Medical commentators have criticized methods and reasoning in alternative and complementary medicine and integrative medicine as being either absurdities or being between evidence and absurdity. They state it often misleads the public with euphemistic terminology, such as the expressions "alternative medicine" and "complementary medicine", and call for a clear demarcation between valid scientific evidence and scientific methodology and absurdity.

== Theology ==

"I believe because it is absurd"
— Tertullian

Absurdity is cited as a basis for some theological reasoning about the formation of belief and faith, such as in fideism, an epistemological theory that reason and faith may be hostile to each other. The statement "Credo quia absurdum" ("I believe because it is absurd") is attributed to Tertullian from De Carne Christi, as translated by philosopher Voltaire. According to the New Advent Church, what Tertullian said in DCC 5 was "[...] the Son of God died; it is by all means to be believed, because it is absurd."

Absurdity can refer to any strict religious dogma that pushes something to the point of violating common sense. For example, inflexible religious dictates are sometimes termed pharisaism, referring to unreasonable emphasis on observing exact words or rules, rather than the intent or spirit.

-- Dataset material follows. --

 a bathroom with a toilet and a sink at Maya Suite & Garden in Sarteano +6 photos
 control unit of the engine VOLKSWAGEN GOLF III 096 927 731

Andrew Willet grouped absurdities with "flat contradictions to scripture" and "heresies".

==Psychology==
Psychologists study how humans adapt to constant absurdities in life. In advertising, the presence or absence of an absurd image was found to moderate negative attitudes toward products and increase product recognition.

== Humor and comedy ==

"I can see nothing" – Alice in Wonderland
"My, you must have good eyes" – Cheshire Cat

Absurdity is used in humor to make people laugh or to make a sophisticated point. One example is Lewis Carroll's "Jabberwocky", a poem of nonsense verse, originally featured as a part of his absurdist novel Through the Looking-Glass, and What Alice Found There (1872). Carroll was a logician and parodied logic using illogic and inverting logical methods.
Argentine novelist Jorge Luis Borges used absurdities in his short stories to make points. Franz Kafka's The Metamorphosis is considered absurdist by some.

== Law ==
The absurdity doctrine is a legal theory in American courts. One type of absurdity, known as the "scrivener's error", occurs when simple textual correction is needed to amend an obvious clerical error, such as a misspelled word. Another type of absurdity, called "evaluative absurdity", arises when a legal provision, despite appropriate spelling and grammar, "makes no substantive sense". An example would be a statute that mistakenly provided for a winning rather than losing party to pay the other side's reasonable attorney's fees. In order to stay within the remit of textualism and not reach further into purposivism, the doctrine is restricted by two limiting principles: "...the absurdity and the injustice of applying the provision to the case would be so monstrous, that all mankind would, without hesitation, unite in rejecting the application" and the absurdity must be correctable "...by modifying the text in relatively simple ways". This doctrine is seen as being consistent with examples of historical common sense.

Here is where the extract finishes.